I don't know--perhaps this is a 'cranky' speculation. But how could someone read Plato for long without at least considering it?


Anonymous said...

A fundamental commitment to pursuing philosophical wisdom implies a commitment to live in a way conducive to pursuing this goal. Arguably, “externals” such as health, fitness, moderate wealth, honor, comfortable & safe living conditions are conducive to such a devotion. Certainly their opposites, conditions such as sickness & disability, poverty, dishonor, and horrific living conditions are strong impediments to a life of study & reflection. (If you have any doubts about this, try living as one of America’s homeless people for a week or so.)
Arguably, academia provides the person who wishes to pursue philosophic wisdom with a livelihood compatible with his aspirations to wisdom in a way that business or law or other careers usually are not. But America’s universities are for-profit teaching and research corporations, so what do you expect in terms of how they should evaluate & reward their employees? Someone’s pursuit of philosophic wisdom has no bottom line impact, so why should the corporation care about it unless it is productive of profitable research or good teaching? If working for an educational corporation offends you—especially an ed-corp that fails to educate-- and you have some better way of affording a life that pursues philosophical wisdom, by all means go for it. For you, I would say, the choice of academia is a at bottom lesser evil.

Anonymous said...

I can't help but think that this response yields too much to the problems that MP's post points towards. I suppose that if we find it entirely acceptable to sit back in comfortable cynicism about our disciplines and our educational institutions even as they turn towards goals that we find wrong-headed, then we can take the attitude that our anonymous poster takes. We don't need to worry about trying to turn things in the right direction so long as we can keep on comfortably doing what it is we're doing.

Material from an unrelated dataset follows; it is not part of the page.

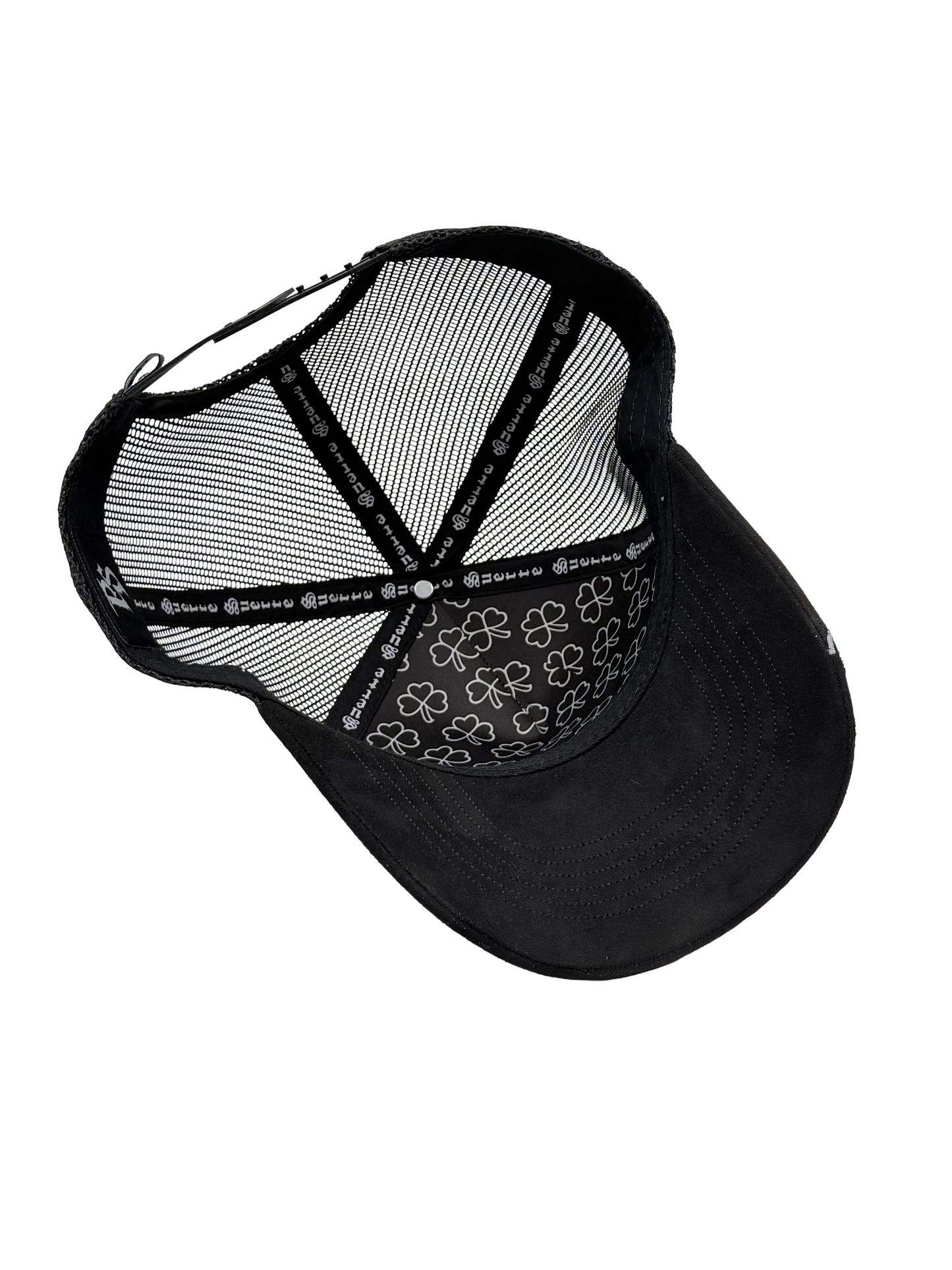 Suerte Flamas Trucker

Our universities and the discipline of philosophy as it has been constructed in English-speaking countries is not likely to adopt an ancient view of philosophy as its means of understanding itself anytime soon. That does not mean that such a view of philosophy has no place in the discipline. The current status quo hasn't been established for all that long, and it was never obvious that it had to become what it has. This is especially true when it comes to universities conducting themselves as for-profit corporations pandering to their students' disinterest in anything that falls outside their idea of professional development ; this is neither strictly necessary nor is it something that people with a real interest in education should tolerate quietly.

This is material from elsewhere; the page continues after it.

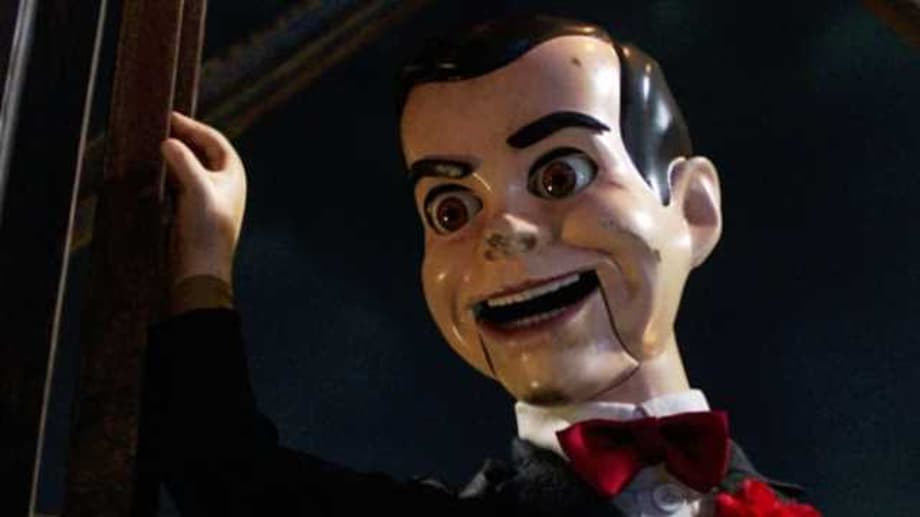 GOOSEBUMPS Live-Action TV Series Ordered For Disney+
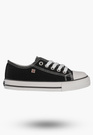 Trampki Dziecięce BIG STAR Czarne Buty Sznurowane DD374163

All that said, it does seem to me that only a few people go into philosophy for the external rewards. There just aren't that many, especially if you aren't among the best in your field. It seems to me, rather, that the cynical professionalism gets beaten into us later on, so that we end up like anonymous, just happy that we can get paid to think about ideas that few or no practical consequences.

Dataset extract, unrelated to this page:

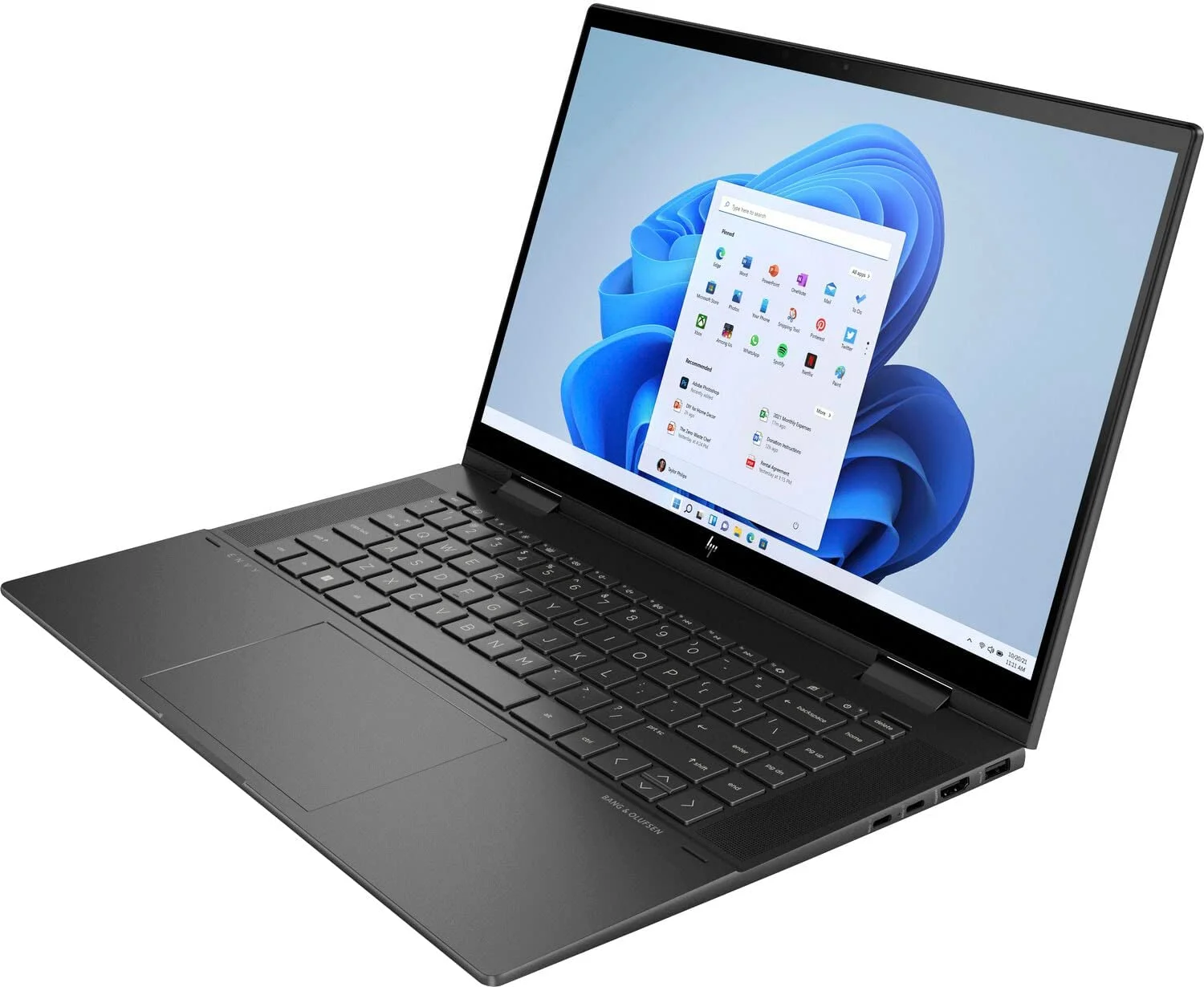 HP - Envy x360 2-in-1 15.6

Does ancient philosophy have some kind of inherent political element that contemporary philosophy lacks? All, or almost all, of the ancient philosophers seemed to think that it was simply a part of philosophy not just to pursue the good yourself, but to work in some capacity to turn others towards it, too. Most folks working in philosophy today would claim that studying philosophy offers goods of some kind, but all but a few seem to lack much interest in directing others towards that good. Is this a result of specialization, so that a given philosopher can think about his field honestly and conclude correctly that its study does not amount to a serious good that anyone might pursue with profit? Do we lack the ancient holistic conception of philosophy because we've come to think of philosophy as a kind of technique?